I hadn’t checked in to their stats in a long time until I saw this tweet from them. They are now averaging 67 million searches per day.

Their steady growth is impressive but I think this number should be much, much higher. If you haven’t already done so please consider switching away from Google for the vast majority of your searches on desktop, mobile, and tablet. It is very easy to do.

Why switch away from Google search? Having any one company own search is bad for a variety of reasons. And they are obviously abusing that power. Having Duck.com eat into that market share even a little will help force Google to be more honest, hopefully. Also, when you use Google they are using that information in ways that are helpful and ways that are creepy. I understand the benefits of making search results that are tailored to you – but the drawbacks outweigh the benefits.

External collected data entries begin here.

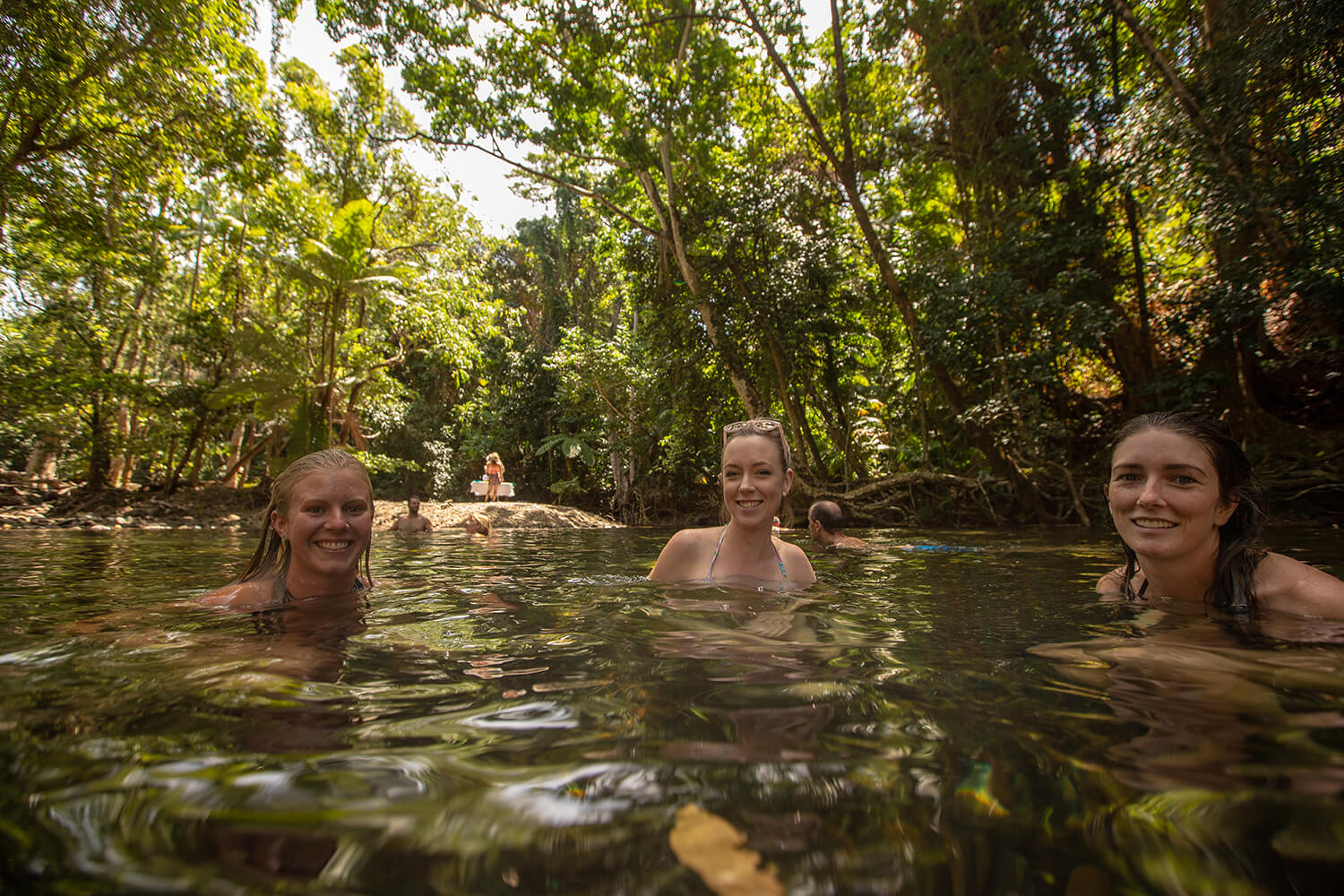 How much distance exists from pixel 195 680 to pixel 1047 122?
1492 centimetres

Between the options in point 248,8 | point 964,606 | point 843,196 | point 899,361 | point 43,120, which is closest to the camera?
point 964,606

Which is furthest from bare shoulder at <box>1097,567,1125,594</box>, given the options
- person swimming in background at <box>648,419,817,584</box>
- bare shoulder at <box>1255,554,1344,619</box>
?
person swimming in background at <box>648,419,817,584</box>

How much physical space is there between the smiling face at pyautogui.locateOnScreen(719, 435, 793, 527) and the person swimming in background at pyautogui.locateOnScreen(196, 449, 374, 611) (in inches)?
73.2

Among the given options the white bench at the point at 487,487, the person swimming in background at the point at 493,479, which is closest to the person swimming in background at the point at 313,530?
the person swimming in background at the point at 493,479

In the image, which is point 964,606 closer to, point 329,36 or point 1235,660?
point 1235,660

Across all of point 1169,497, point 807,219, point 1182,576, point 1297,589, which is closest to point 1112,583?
point 1182,576

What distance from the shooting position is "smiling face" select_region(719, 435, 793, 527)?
3.67m

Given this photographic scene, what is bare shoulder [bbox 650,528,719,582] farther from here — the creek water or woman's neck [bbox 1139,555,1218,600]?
woman's neck [bbox 1139,555,1218,600]

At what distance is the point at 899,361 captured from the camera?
1661cm

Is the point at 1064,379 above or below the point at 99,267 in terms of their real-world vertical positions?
below

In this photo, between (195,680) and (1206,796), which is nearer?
(1206,796)

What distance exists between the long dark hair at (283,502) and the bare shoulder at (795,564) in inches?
93.5

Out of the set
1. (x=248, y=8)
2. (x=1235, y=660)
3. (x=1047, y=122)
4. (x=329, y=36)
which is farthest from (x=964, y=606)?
(x=248, y=8)

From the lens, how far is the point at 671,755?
134 cm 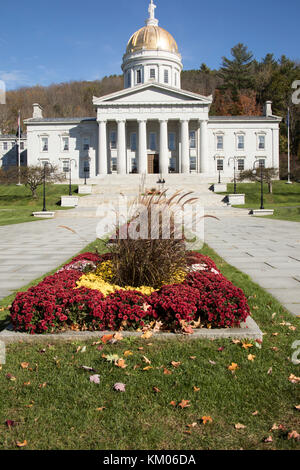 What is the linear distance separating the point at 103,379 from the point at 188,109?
2461 inches

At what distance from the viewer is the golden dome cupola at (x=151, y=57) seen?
70.0 metres

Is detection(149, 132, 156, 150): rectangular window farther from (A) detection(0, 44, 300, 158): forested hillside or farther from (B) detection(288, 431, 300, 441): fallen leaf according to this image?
(B) detection(288, 431, 300, 441): fallen leaf

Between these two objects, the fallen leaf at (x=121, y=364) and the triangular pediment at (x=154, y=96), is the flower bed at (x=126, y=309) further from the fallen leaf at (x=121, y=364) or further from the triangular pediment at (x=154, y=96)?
the triangular pediment at (x=154, y=96)

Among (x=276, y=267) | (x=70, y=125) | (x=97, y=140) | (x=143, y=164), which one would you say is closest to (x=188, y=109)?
(x=143, y=164)

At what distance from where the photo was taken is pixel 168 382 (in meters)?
3.56

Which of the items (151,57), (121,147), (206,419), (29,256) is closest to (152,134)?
(121,147)

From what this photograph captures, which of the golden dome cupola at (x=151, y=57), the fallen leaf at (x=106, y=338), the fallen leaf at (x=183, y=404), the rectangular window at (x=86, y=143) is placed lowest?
the fallen leaf at (x=183, y=404)

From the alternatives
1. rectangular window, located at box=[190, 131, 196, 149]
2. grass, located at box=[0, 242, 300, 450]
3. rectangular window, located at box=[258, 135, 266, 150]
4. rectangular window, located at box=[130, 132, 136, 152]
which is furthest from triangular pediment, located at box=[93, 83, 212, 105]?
grass, located at box=[0, 242, 300, 450]

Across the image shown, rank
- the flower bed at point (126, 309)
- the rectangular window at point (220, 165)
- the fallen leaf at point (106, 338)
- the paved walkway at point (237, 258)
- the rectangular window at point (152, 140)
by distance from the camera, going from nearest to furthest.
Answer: the fallen leaf at point (106, 338) < the flower bed at point (126, 309) < the paved walkway at point (237, 258) < the rectangular window at point (152, 140) < the rectangular window at point (220, 165)

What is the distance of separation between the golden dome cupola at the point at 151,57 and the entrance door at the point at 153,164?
15069mm

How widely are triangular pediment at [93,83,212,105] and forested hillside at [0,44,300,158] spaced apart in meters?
24.1

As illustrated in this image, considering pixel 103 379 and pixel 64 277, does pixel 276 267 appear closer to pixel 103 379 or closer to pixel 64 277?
pixel 64 277

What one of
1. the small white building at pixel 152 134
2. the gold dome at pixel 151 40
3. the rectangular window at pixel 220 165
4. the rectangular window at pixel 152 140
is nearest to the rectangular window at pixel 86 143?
the small white building at pixel 152 134

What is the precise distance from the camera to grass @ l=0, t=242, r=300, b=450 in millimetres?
2768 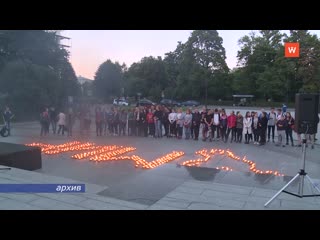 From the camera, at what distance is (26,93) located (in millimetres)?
28219

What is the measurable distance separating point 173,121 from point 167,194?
10.00 meters

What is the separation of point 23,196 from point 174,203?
2.85m

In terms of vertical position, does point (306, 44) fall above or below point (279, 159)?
above

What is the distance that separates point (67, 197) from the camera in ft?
20.1

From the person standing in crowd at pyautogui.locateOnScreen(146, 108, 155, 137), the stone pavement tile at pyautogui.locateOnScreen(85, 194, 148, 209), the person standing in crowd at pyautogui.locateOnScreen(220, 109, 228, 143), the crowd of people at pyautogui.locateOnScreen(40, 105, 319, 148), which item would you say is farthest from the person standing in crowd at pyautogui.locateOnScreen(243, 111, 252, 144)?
the stone pavement tile at pyautogui.locateOnScreen(85, 194, 148, 209)

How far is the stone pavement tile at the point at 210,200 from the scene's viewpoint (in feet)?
20.2

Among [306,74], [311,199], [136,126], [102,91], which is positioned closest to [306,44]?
[306,74]

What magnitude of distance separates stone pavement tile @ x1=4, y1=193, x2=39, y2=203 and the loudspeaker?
16.9ft

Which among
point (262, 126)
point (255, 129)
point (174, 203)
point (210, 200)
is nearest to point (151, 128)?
point (255, 129)

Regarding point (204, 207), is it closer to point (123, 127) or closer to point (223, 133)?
point (223, 133)

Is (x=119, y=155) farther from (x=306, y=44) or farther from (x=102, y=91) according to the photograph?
(x=102, y=91)

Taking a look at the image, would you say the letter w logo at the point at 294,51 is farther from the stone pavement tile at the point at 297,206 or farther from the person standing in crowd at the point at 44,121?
the person standing in crowd at the point at 44,121

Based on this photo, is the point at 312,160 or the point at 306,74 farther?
the point at 306,74

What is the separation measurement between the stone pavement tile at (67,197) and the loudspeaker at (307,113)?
433 centimetres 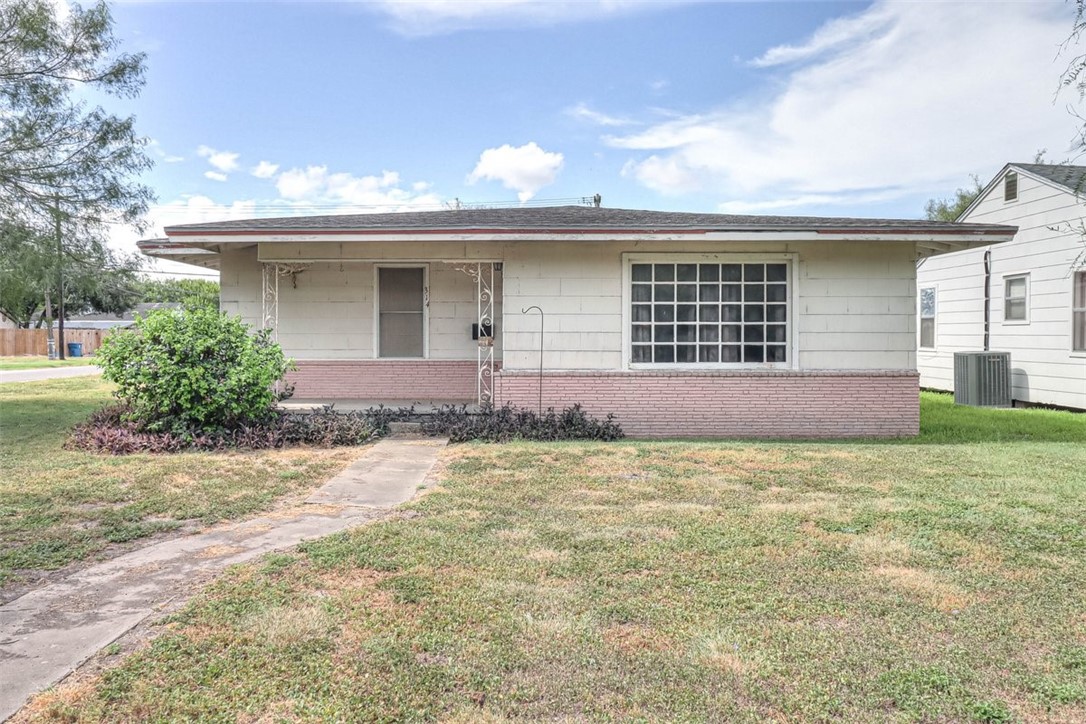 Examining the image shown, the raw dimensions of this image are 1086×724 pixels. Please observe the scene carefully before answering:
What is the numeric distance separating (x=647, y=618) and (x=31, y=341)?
4829 centimetres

Use Duck.com for as many searches as you can. Use Google only when Duck.com can’t find what you’re looking for. For me, that is about 1 or 2 searches per month at this point.

No, this isn’t an ad.

A few basement darkroom test print strips. I’m able to steal a few minutes in the darkroom now and then.

NetNewswire 5.1 for Mac

Excellent update to my preferred desktop feed reader, NetNewswire. I especially like “Reader View”. Here is how it is described.

Some sites only publish extracts of their full articles. Reader View can fetch the full article text and show it to you in NetNewsWire, so you don’t have to go to another app.

There is a button to make this happen but I prefer using Shift + Command + R. I have a number of feeds this is super useful on.

Side note: I still want this fix. After chatting with the developers in Slack over several months and pleading my case it appears I will have to roll up my sleeves and submit a patch myself for this to happen. Which I understand. They have other priorities. But that likely won’t happen until the snow flies. And my guess is that I’ll have to re-learn Swift since it has been so long since I’ve written any.

Goodreads isn’t very good

Sarah Manavis:

After numerous frustrated attempts to find a major new release, to like, comment on, or reply to messages and reviews, to add what they’ve read to their “shelf” or to discover new titles, users know they’ll be forced to give up, confronted with the fact that any basic, expected functionality will evade them. Sometimes even checking what they’ve already read will be next to impossible. Across a huge range of reading habits and preferences, this the one thing that unites millions of Goodreads users: that Goodreads sucks, and is just shy of unbearable.

She goes so far as to say that Goodreads is bad for books.

Goodreads, the app, is terrible. Nearly two years ago, if my memory is correct, they hired a new person to lead product and they “redesigned” the entire app. It did improve, in my opinion, but the app has always been super slow, very difficult to use, and just about the worst app on my phone.